Rum Yönetimi eski başkanlarından merhum Spiros Kiprianu’un, “gerçekçi görünmediğini” bildiği halde Kıbrıs sorununa sürekli çözüm için uzun vadeli ümit sağlayacağına inandığı için NATO ve Avrupa Ekonomik Topluluğu’na (AET) katılım talebinde bulunduğu bildirildi.

Simerini, İngiliz Devlet Arşivi tarafından dün açıklanan 1985-86 dönemi gizli belgeleri arasında Kıbrıs’la ilgili iki de dosya bulunduğunu belirterek, zamanın Rum Yönetimi Başkanı Spiros Kiprianu’nun İngiltere Başbakanı Margaret Thatcher ile 14 Ocak 1985’te İngiltere Başbakanlığı’nda yaptığı görüşmeden bazı detaylara yer verdi.

Habere göre, Thatcher-Kiprianu görüşmesinde hazır bulunan Dışişleri Bakanı Geoffrey Howe, bu tür fikirlerin Kıbrıs sorununda yeni komplikasyonlar yaratma tehlikesi içerdiğine dikkat çekerek, Türkiye’nin her halükarda garantörlükte ısrar edeceğini söyledi. Başbakan Thatcher da mevcut garanti düzenlemelerinin terk edilmesinin zor olacağını kabul etti.

THATCHER’DAN KİPRİANU’YA TELKİN

İngiltere Kiprianu’ya, toprak ve anayasal konularda anlaşmaya varılmadan Türk askerinin ve Türkiye kökenlilerin adadan ayrılmasında ısrar etmemesi telkininde bulundu ancak Kiprianu talebinde ısrar etti ve Türk askeri ayrılmadan, yetkiyi bırakmayı Rum Yönetimi açısından gerçekçi bulmadığını söyledi.
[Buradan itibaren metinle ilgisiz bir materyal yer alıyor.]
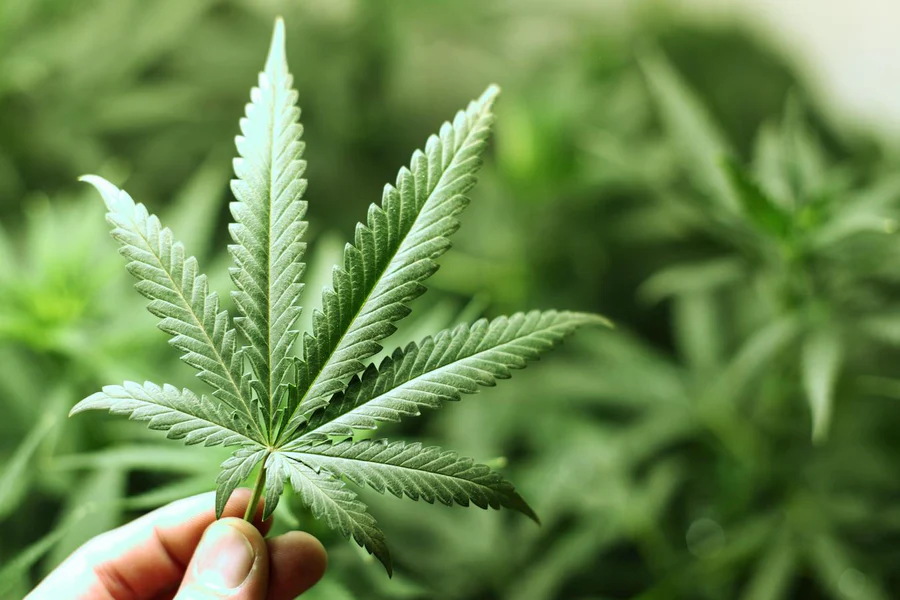 How Long Does THCa Stay In Your System?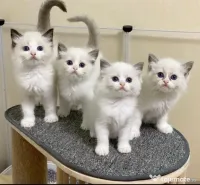 Ragdoll pisoiași 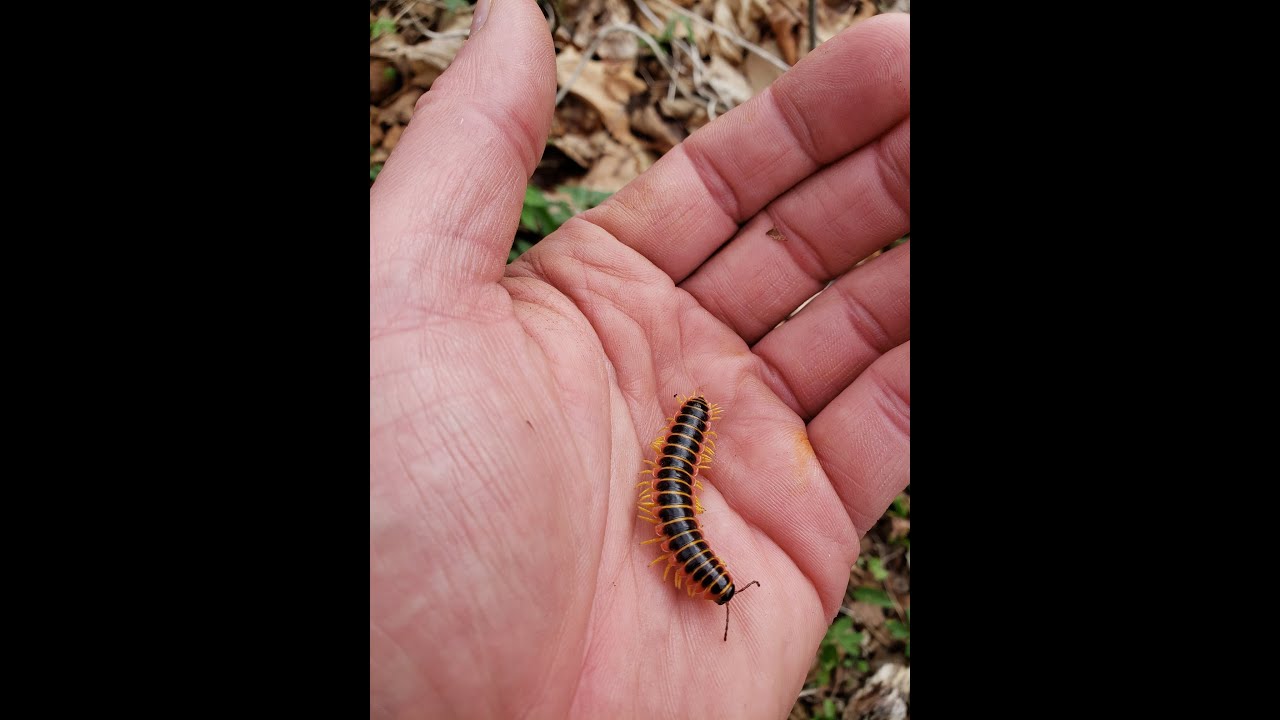 Best How To Video | PA Morels Mushrooms | LEARN IT ALL HERE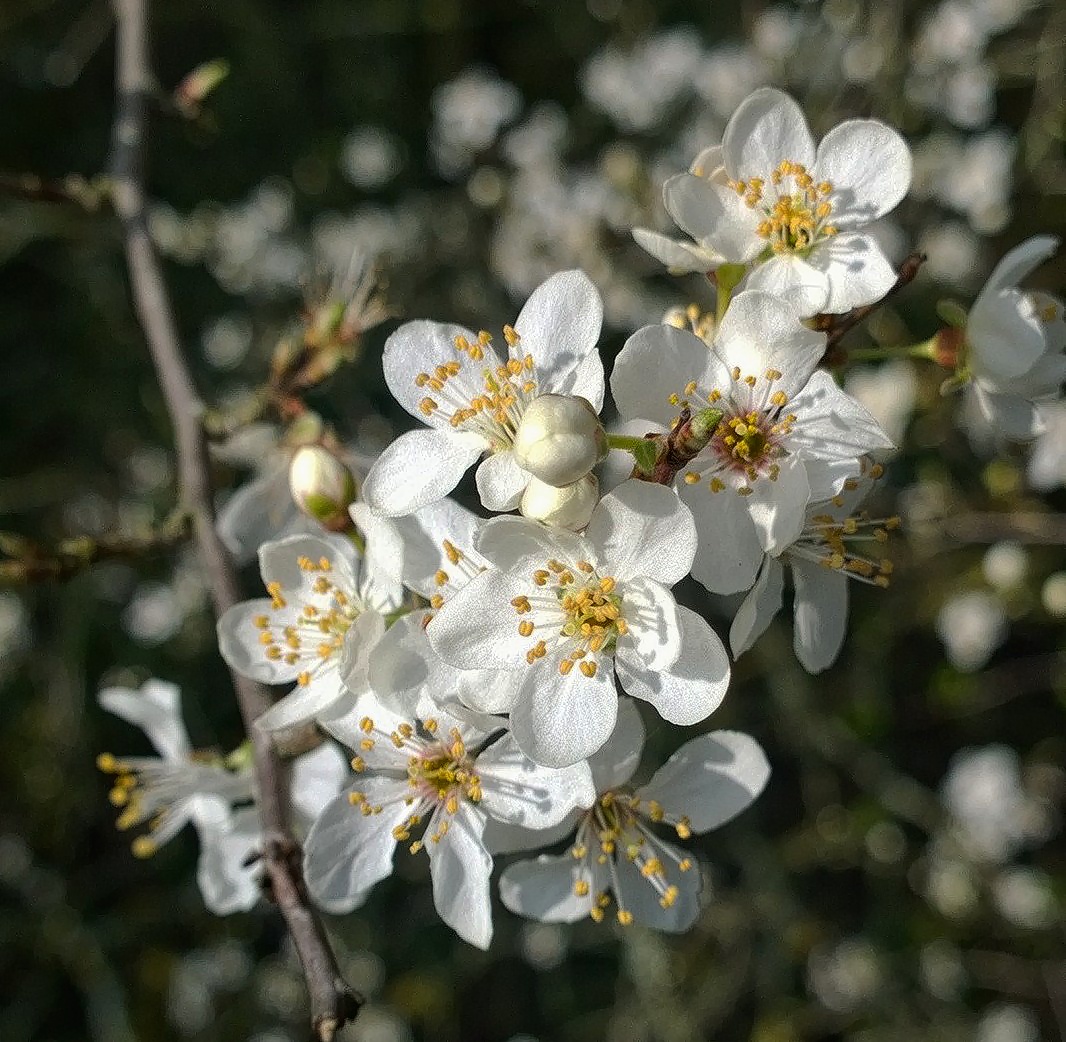 Kirschblüten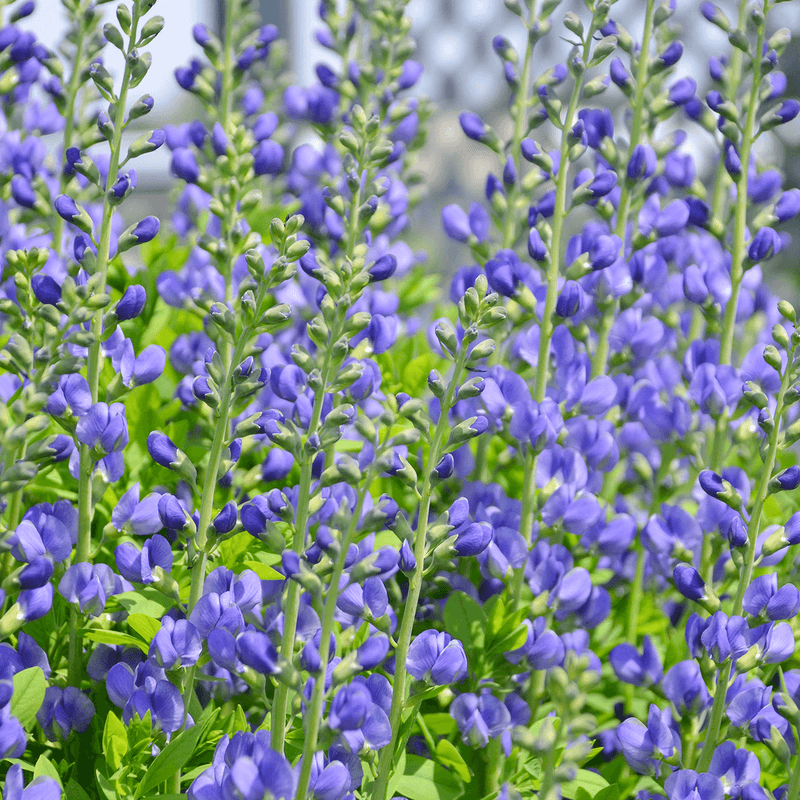 Blue Wild Indigo Brings Strong Shape And Seasonal Interest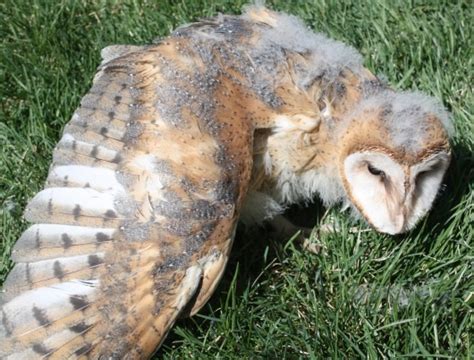 Juvenile Barn Owls Utah In Molting Barn Owl Wildlife Owl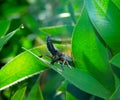 A wasp showing its sting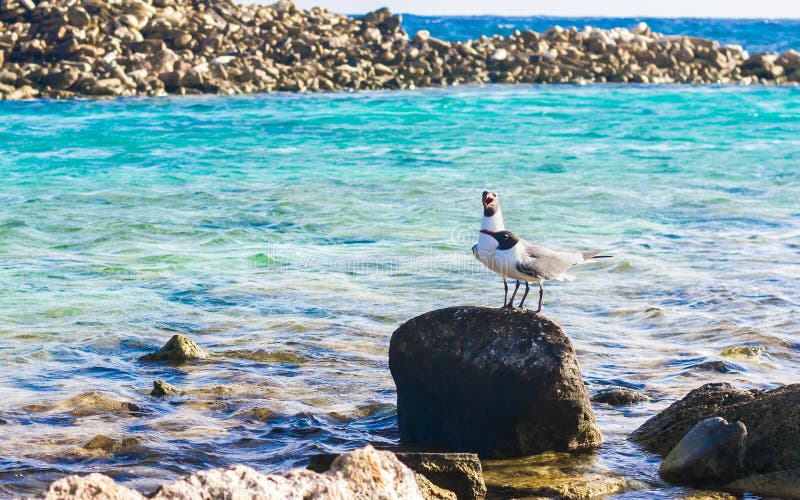 Two birds in Baby Beach, Aruba.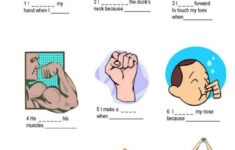 Body movement exercise vocabulary expressions Eslflow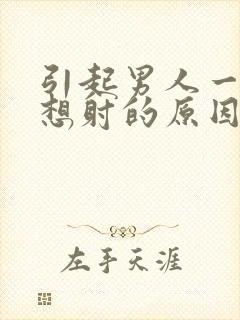 引起男人一插就想射的原因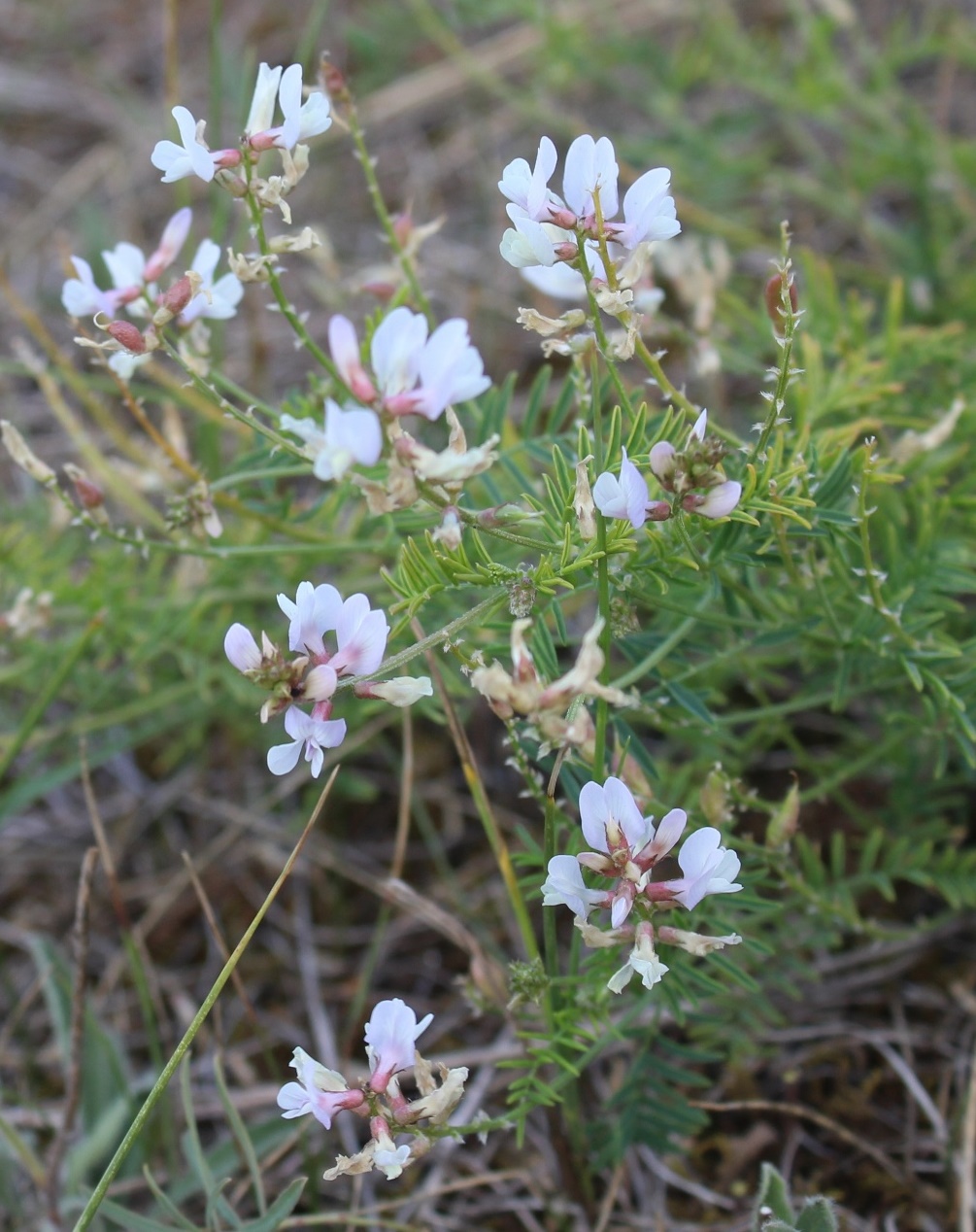Image of Astragalus clerceanus ssp. graniticus specimen.
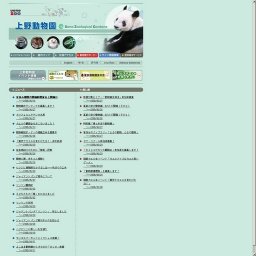 野鳥ペーパークラフト展開催、 ワークショップの参加者募集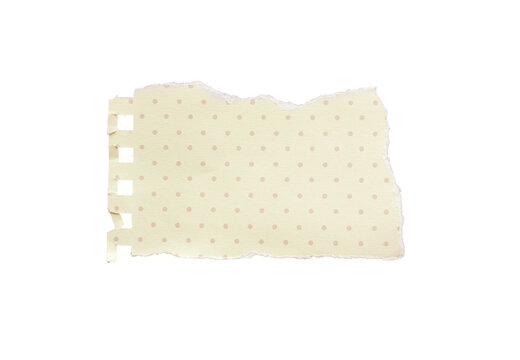 close up of a white ripped piece of paper with copyspace. torn paper isolated transparent png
Kiprianu, Thatcher’e “Kıbrıslı Türklerin dönüşümlü başkanlık taleplerini geri çektiklerini ve yürütme erkinin de 1960 sisteminde kalacağı konusunda uzlaşıldığını ancak Kıbrıslı Türklerin yürütme erkinin bütün kararlarında veto hakkı ve Dışişleri Bakanlığı’nın her zaman Kıbrıslı Türklerde olmasını istediklerini” anlattı. Thatcher’den, “Kıbrıs’ın birliği için en iyi garanti olacağı” iddiasıyla Kıbrıs’ın NATO ve Avrupa Ekonomik Topluluğu’na katılımı önerisini incelemesini istedi.

Kiprianu’nun garantör güçlerle birlikte istişare fikrini yeniden gündeme getirmek istediği ancak Thatcher’in, zamanın uygun olmadığı gerekçesiyle bunu reddettiği ve “öncelik dolaylı görüşmelerde ilerleme sağlamaktır” dediği belirtiliyor. İngiliz gizli belgelerinde, garantörlerle istişareye Atina’nın tutumunun da olumsuz olduğu kaydediliyor.